Below, find the line containing "Клавиша с символом" and the line containing "ARABIYAT Sugar Toffee"; reproduce exactly those two and every line between them, omitting pictures.

* [Records for this exercise]:
****
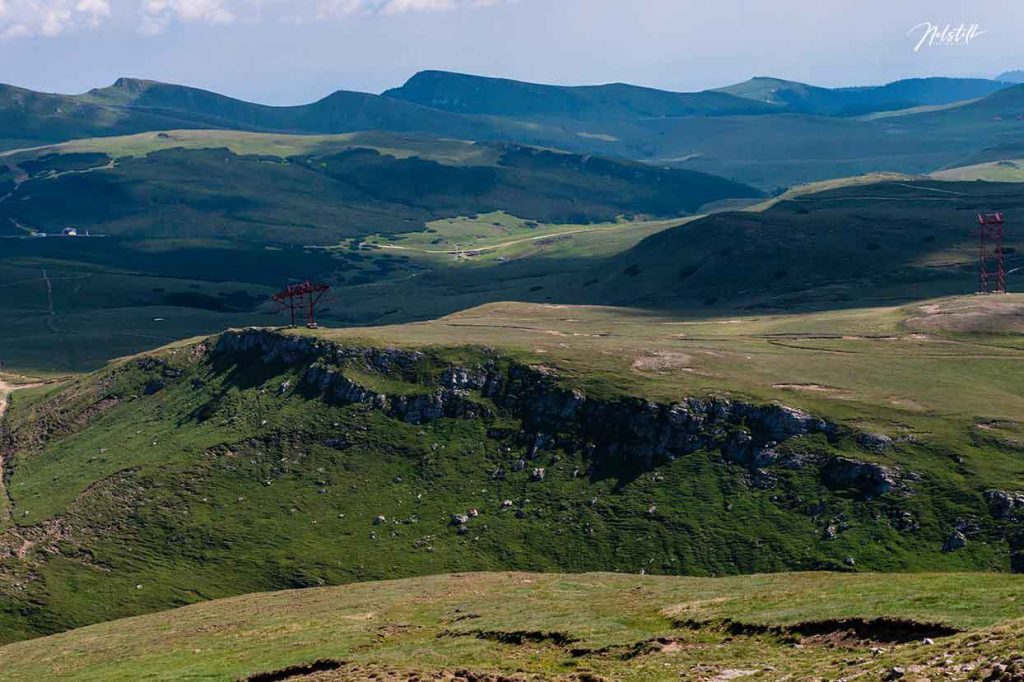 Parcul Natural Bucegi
****
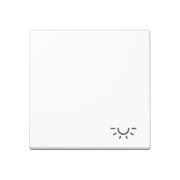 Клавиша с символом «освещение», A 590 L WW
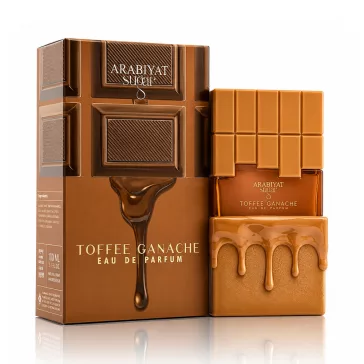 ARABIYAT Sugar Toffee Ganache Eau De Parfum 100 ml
****
* [Answer to this exercise]:
 Клавиша с символом «освещение», A 590 L WW
 ARABIYAT Sugar Toffee Ganache Eau De Parfum 100 ml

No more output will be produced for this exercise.